Petition calls for increased chem offerings

Current course scheduling hinders efforts to complete concentration, prepare for med school examinations

Senior Staff Writer
Tuesday, February 9, 2016

First week in BioMed mostly dedicated to training sessions where monitors are used throughout for practical pipetting training with students, February 1, 2016. Photo by Frank Mullin/Brown University

Pre-medical students wrote a petition last week calling for the University to expand the offerings of certain chemistry courses in order to allow students who take CHEM 0100: “Introductory Chemistry” to finish their requirements earlier in their academic careers.

The petition, which has accumulated 167 signatures, asks President Christina Paxson P’19 and Department of Chemistry Chair Matthew Zimmt to offer CHEM 0350: “Organic Chemistry I” and CHEM 0360: “Organic Chemistry II” during both the fall and spring semesters of the academic year.

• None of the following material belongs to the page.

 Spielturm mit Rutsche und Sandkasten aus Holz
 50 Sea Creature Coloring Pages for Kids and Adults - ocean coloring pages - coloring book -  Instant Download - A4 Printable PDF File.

A student who takes CHEM 0100 follows up the course with CHEM 0330: “Equilibrium, Rate and Structure” in the spring of freshman year. But CHEM 0350, the next course in the typical chemistry sequence, is only offered in the spring, and CHEM 0360: “Organic Chemistry II” is only offered in the fall. Taking CHEM 0100 forces students to wait an extra semester to continue the chemistry track, meaning that these students will finish their chemistry requirements a year after those who started with CHEM 0330.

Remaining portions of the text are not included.